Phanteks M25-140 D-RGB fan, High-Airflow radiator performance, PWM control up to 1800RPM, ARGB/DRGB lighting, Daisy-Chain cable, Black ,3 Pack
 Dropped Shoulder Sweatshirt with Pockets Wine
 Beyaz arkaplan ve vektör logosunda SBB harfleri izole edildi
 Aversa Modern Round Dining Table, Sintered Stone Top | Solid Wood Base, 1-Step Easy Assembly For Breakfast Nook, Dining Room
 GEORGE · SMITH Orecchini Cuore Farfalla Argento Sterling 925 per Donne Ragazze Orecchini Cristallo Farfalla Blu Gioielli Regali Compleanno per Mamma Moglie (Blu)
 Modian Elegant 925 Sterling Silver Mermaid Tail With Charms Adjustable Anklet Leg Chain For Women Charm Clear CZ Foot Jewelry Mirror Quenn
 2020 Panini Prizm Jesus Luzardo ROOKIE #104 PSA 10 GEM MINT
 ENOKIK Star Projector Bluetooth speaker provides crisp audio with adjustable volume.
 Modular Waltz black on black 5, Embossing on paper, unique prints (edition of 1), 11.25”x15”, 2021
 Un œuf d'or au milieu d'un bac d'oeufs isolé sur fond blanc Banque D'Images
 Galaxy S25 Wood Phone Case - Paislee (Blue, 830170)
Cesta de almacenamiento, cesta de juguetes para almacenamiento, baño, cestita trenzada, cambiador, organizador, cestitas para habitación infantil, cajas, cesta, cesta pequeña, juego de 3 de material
########################################
# [TRY IT]
Check each line of the records for the word "Sterling" and extract those that contain it.

# [SOLUTION]
 GEORGE · SMITH Orecchini Cuore Farfalla Argento Sterling 925 per Donne Ragazze Orecchini Cristallo Farfalla Blu Gioielli Regali Compleanno per Mamma Moglie (Blu)
 Modian Elegant 925 Sterling Silver Mermaid Tail With Charms Adjustable Anklet Leg Chain For Women Charm Clear CZ Foot Jewelry Mirror Quenn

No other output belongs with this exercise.